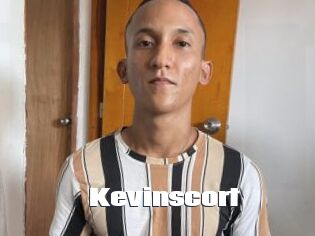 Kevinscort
* * *
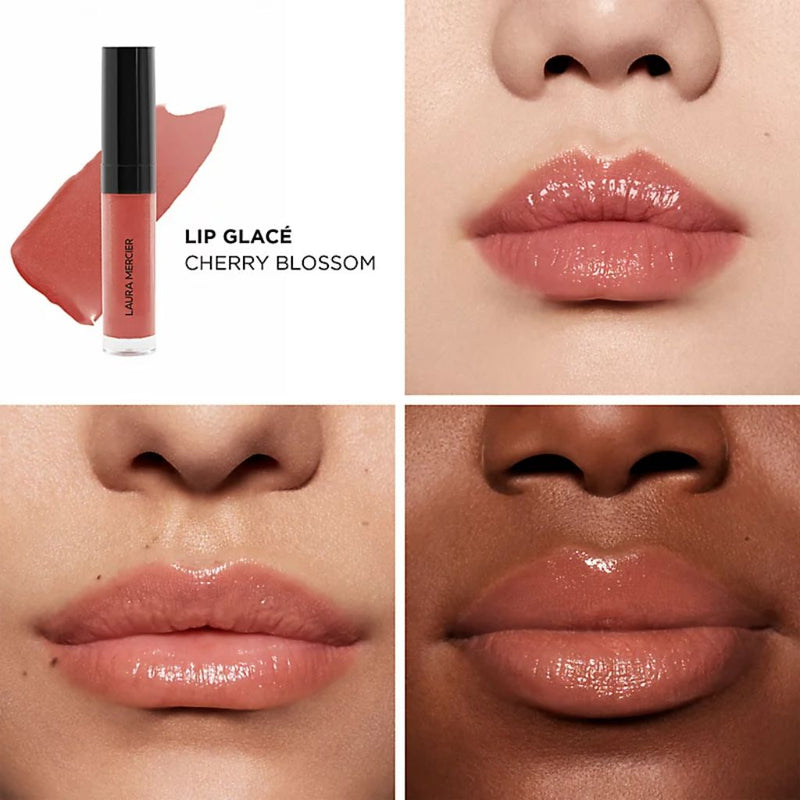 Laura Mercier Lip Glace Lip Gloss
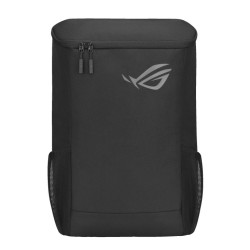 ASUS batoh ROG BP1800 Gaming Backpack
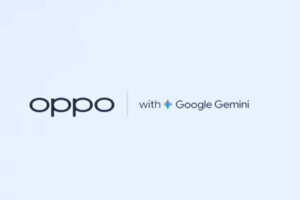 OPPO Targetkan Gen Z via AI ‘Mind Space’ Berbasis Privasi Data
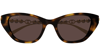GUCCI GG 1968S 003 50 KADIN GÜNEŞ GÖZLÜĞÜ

### Your objective
Write back the stretch of lines above that begins with the line holding "ASUS batoh ROG BP1800 Gaming Backpack" and ends with the line holding "GUCCI GG 1968S 003 50 KADIN GÜNEŞ GÖZLÜĞÜ", both included, exactly as written. Pictures stay out.

### Written solution
 ASUS batoh ROG BP1800 Gaming Backpack
 OPPO Targetkan Gen Z via AI ‘Mind Space’ Berbasis Privasi Data
GUCCI GG 1968S 003 50 KADIN GÜNEŞ GÖZLÜĞÜ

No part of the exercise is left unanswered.